Talmon tenía 17 años cuando se trasladó con su familia a vivir a Israel, fue en 1933 y en el contexto de una quinta oleada de inmigración judía. Allí vivió el resto de su vida. Por su parte, el también historiador y pensador Isaiah Berlin nació en Letonia y en 1921, con 18 años, logró salir de Rusia con su familia para instalarse en la Gran Bretaña. Berlin entendía el ejercicio de la libertad como la conciencia de ser un ciudadano con la misma dignidad que el resto de la gente. Para lo cual el primer requisito es poder hablar con la propia voz.

Es evidente la importancia decisiva de saberse en casa, y tengo para mí que es el gran desafío de este siglo que producirá enormes inmigraciones. El afianzamiento general de la condición de ciudadanos de los seres humanos no va contra el sentimiento nacional que puedan tener, un sentimiento natural. Berlin alertaba de su peligro cuando es exagerado: exacerbado e inflamado, desarrolla una condición patológica. Consideraba al nacionalismo no solo como la fuerza más poderosa de nuestro tiempo, sino seguramente la más destructiva. En 1964, preveía el origen de una aniquilación completa de la humanidad en una explosión de odio contra un enemigo real o imaginario, de la nación o de la raza; no de una iglesia o de una clase, tampoco de la civilización.

Isaiah Berlin era tajante y afirmaba que “predicar y argumentar resulta vano contra una fuerza de ese tipo y, por tanto, me temo, tampoco valen los buenos ejemplos”. Asociado con una insatisfacción permanente, es un asunto que no permite conclusión; genera una energía que le impide saciarse. En último extremo, consiste en un removerlo todo hacia una dirección, la de la imposible victoria total.

Tanto Berlin como Talmon coincidían en la idea de que, al menos fuera de Occidente, ningún movimiento político podía triunfar sin aliarse con el sentimiento nacional.

Qué podemos hacer, se preguntaba el intelectual letón. Tenía claro que el comunismo no es un antídoto contra el nacionalismo, no se puede contar con él porque acaban aliándose. Aducía que, si bien la Revolución bolchevique de 1917 tuvo un carácter antinacionalista, bajo Stalin y sus sucesores el sentimiento nacional se identificó con la variedad rusa del comunismo. De hecho, los nacionalismos pueden ser manipulados como arietes para desmontar un sistema político y establecer la revuelta y, con ella, la dictadura.

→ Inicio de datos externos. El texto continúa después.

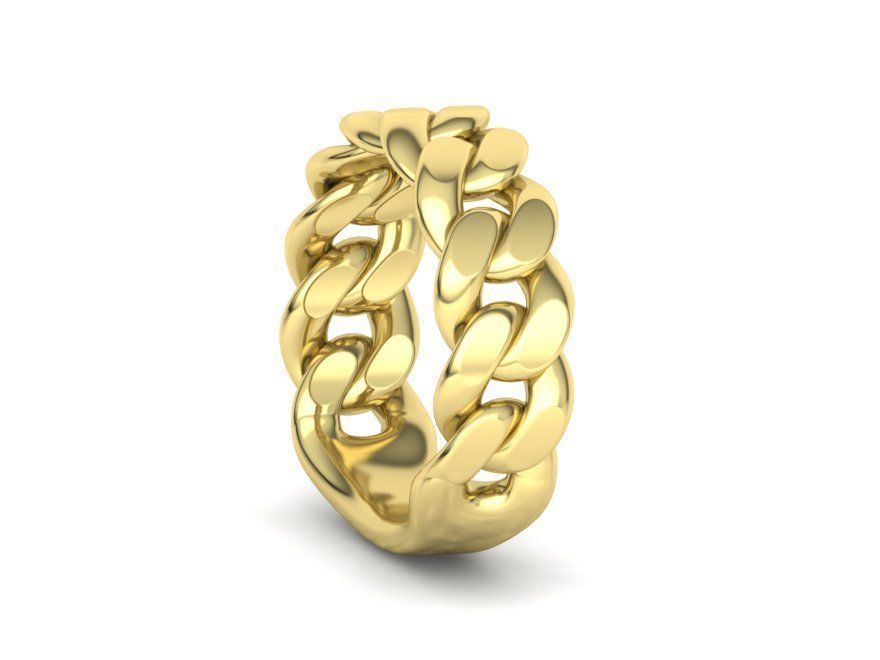 Cuban Ring Chain Link Ring 7mm Wide   5 6 7 8 9 US sizes 3dmodel 3D print model_29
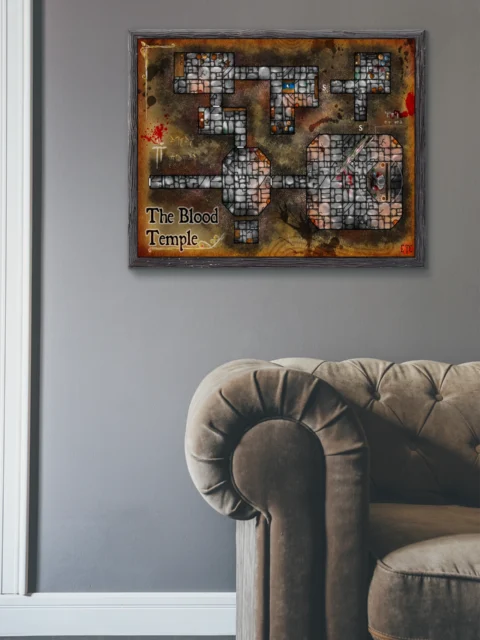 Blood Temple Canvas Print from Elven Tower Cartography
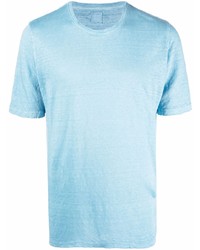 T-shirt girocollo azzurra di 120% Lino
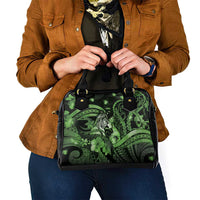 Maori Romantic Valentine Shoulder Handbag The Hongi Kiss Green Galaxy DT05 - Polynesian Pride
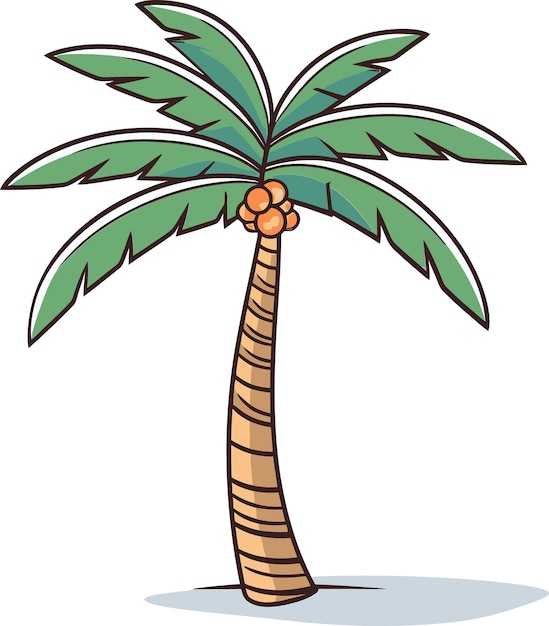 una palmera con una imagen de dibujos animados de una palmera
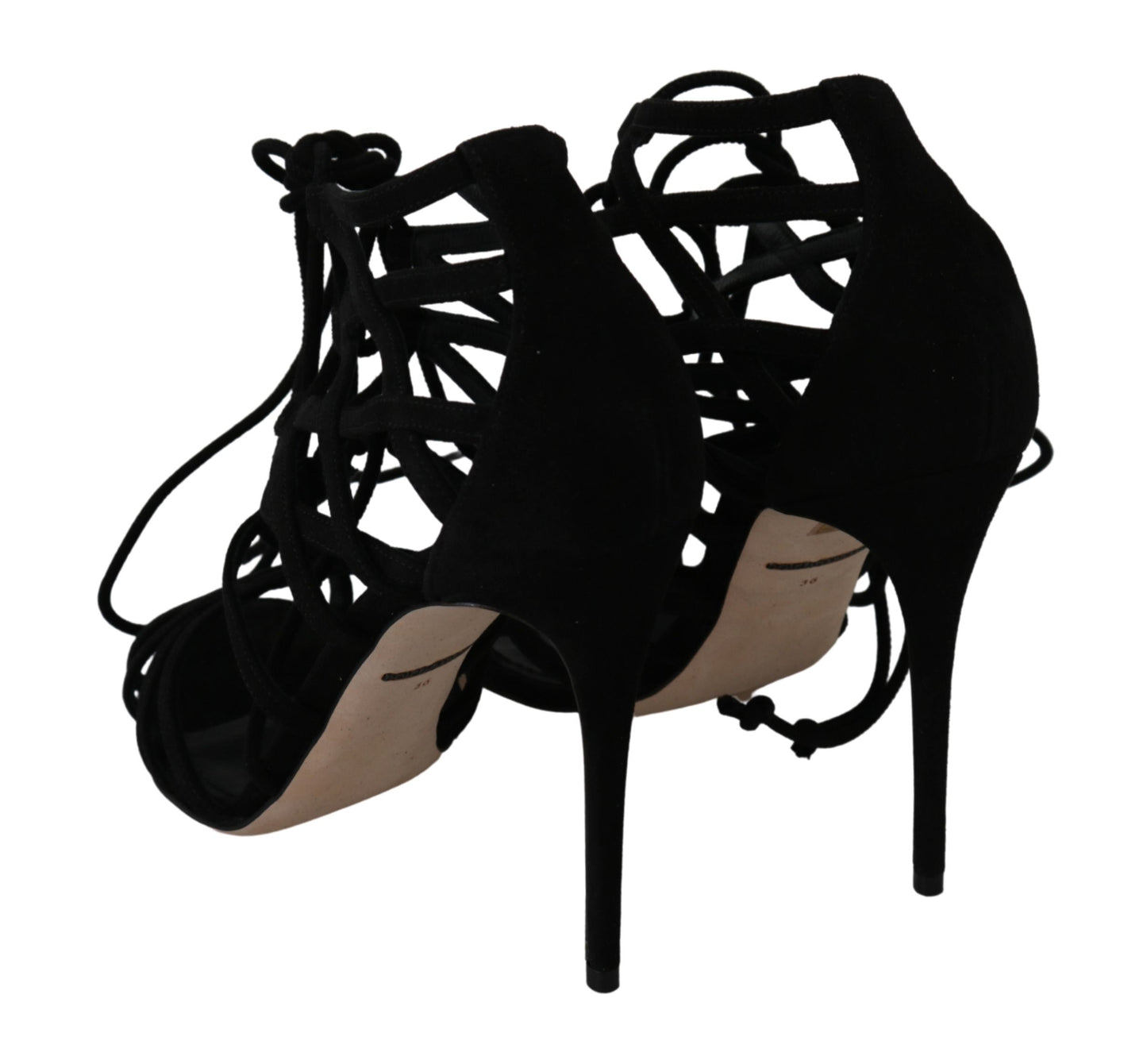 Dolce & Gabbana Elegant Black Suede Stiletto Ankle Strap Sandals Dolce & Gabbana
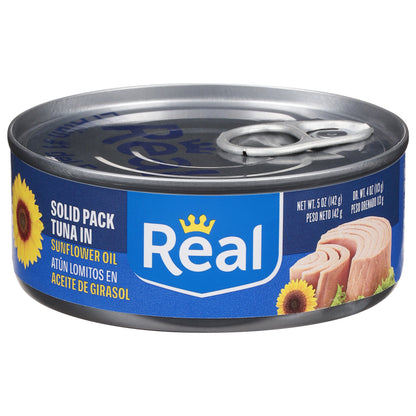 Real in Sunflower Oil Solid Pack Tuna 5 oz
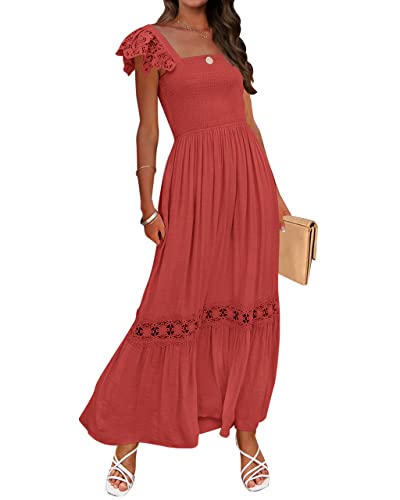 Zesica Women's 2023 Summer Lace Strap Sleeveless Square Neck Smocked High Waist Ruffle Hollow Out Flowy A Line Maxi Dress,Rust,X-Large #TOP14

Al comienzo de 1919, Trotski escribió en el diario Pravda que “Europa recuerda a un manicomio”. En esas fechas fue asesinada Rosa Luxemburgo por los freikorps, paramilitares empapados de odio; ella que quería alejar a la humanidad de la cloaca del chovinismo y del odio racial.

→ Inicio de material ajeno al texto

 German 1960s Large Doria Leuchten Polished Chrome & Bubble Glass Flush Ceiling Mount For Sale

La educación es insustituible, pero ciertamente requiere su tiempo para que fructifique y este siempre se nos hace demasiado largo, a causa de la necesidad que tenemos de su fruto. Y aunque sea a largo plazo, ella es nuestra única sólida esperanza. Entre tanto, hay que insistir en que cada uno de nosotros observe el control razonable de sus quehaceres, con sentido de unidad y sin exaltación, desde la certeza íntima de que la única nación que merece ganar el futuro es una nación de ciudadanos. Siempre con un horizonte de libertad y de igualdad.